The default values loaded on this page aren't arbitrary — a soft shadow with slight negative spread and low opacity is the modern SaaS look, and the same recipe this site's own cards use. Nudge from there rather than starting from zero: real-world shadows are almost always softer, lower-opacity and more vertically offset than first instincts suggest.

How to use the Box-Shadow Generator

  1. 1Drag the sliders: horizontal and vertical offset, blur, spread and opacity.
  2. 2Pick the shadow color — dark navy or the element's own hue often looks better than pure black.
  3. 3Toggle Inset for inner shadows (pressed buttons, input fields).
  4. 4Copy the CSS when the preview looks right.

Frequently asked questions

What does each box-shadow value mean?

In order: horizontal offset (positive = right), vertical offset (positive = down), blur radius (bigger = softer), spread (grows or shrinks the shadow before blurring), and color. This generator labels each one so you never need to memorize the order.
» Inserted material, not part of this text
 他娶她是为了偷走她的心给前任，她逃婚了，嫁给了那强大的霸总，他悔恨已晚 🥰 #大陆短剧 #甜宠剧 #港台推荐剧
What does negative spread do?

It shrinks the shadow smaller than the element before blur is applied, producing a tight shadow concentrated under the element — the refined look most modern design systems use. Try spread −4 with blur 24 and low opacity.

What is an inset shadow for?

Inset draws the shadow inside the element instead of behind it — used for pressed/active button states, recessed input fields, and wells. Toggle Inset and the preview shows the effect immediately.

Why does my shadow look muddy or dirty?

Almost always: opacity too high or pure black at full strength. Real shadows are subtle — try 15–30% opacity, and consider a dark navy or the element's own color family instead of #000000.